Democrats screaming loudly over Senate Republicans’ plan to — in the words of Minority Leader Chuck Schumer, “break the rules” on the filibuster — refuse to accept the role they played, according to supporters of U.S. Supreme Court nominee Neil Gorsuch.

Leonard Leo, an adviser to President Donald Trump on judicial appointments, noted in a conference call with reporters on Tuesday that it was former Democratic Senate leader Harry Reid (D-Nev.) who eliminated the filibuster for all appointments except the Supreme Court in 2013. Even before that, he added, it was Democrats who fired the first salvo in the escalating war over the courts in the 1980s.

“They should basically look in the mirror rather than point their finger at the ‘nuclear option.'”

“They should basically look in the mirror rather than point their finger at the ‘nuclear option,'” he said.

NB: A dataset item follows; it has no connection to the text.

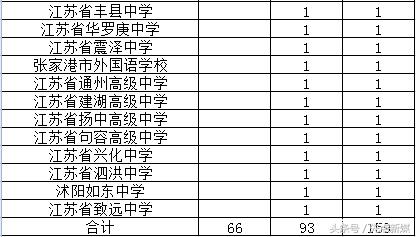 2018年江苏高考排名,江苏高考历年名校录取排名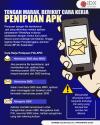 Intip Cara Kerja Penipuan File APK yang Tengah Marak di Indonesia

Schumer has succeeded in corralling enough Democrats to sustain a filibuster against Gorsuch, a judge who won unanimous, bipartisan confirmation to the Denver-based 10th U.S. Circuit of Appeals and has earned widespread praise in legal circles from across the spectrum. The move is unprecedented. Only one successful filibuster has been mounted against a Supreme Court nominee. The 1969 filibuster against Abe Fortas was both bipartisan — 24 Republicans and 19 Democrats — and based on ethics concerns.

Leo, who is on loan to the White House from his job as executive vice president of the Federalist Society, said Democrats first began ratcheting up opposition to a Republican-appointed judge in 1984. That effort culminated with the successful defeat of Robert Bork, then-President Ronald Reagan’s Supreme Court pick in 1987.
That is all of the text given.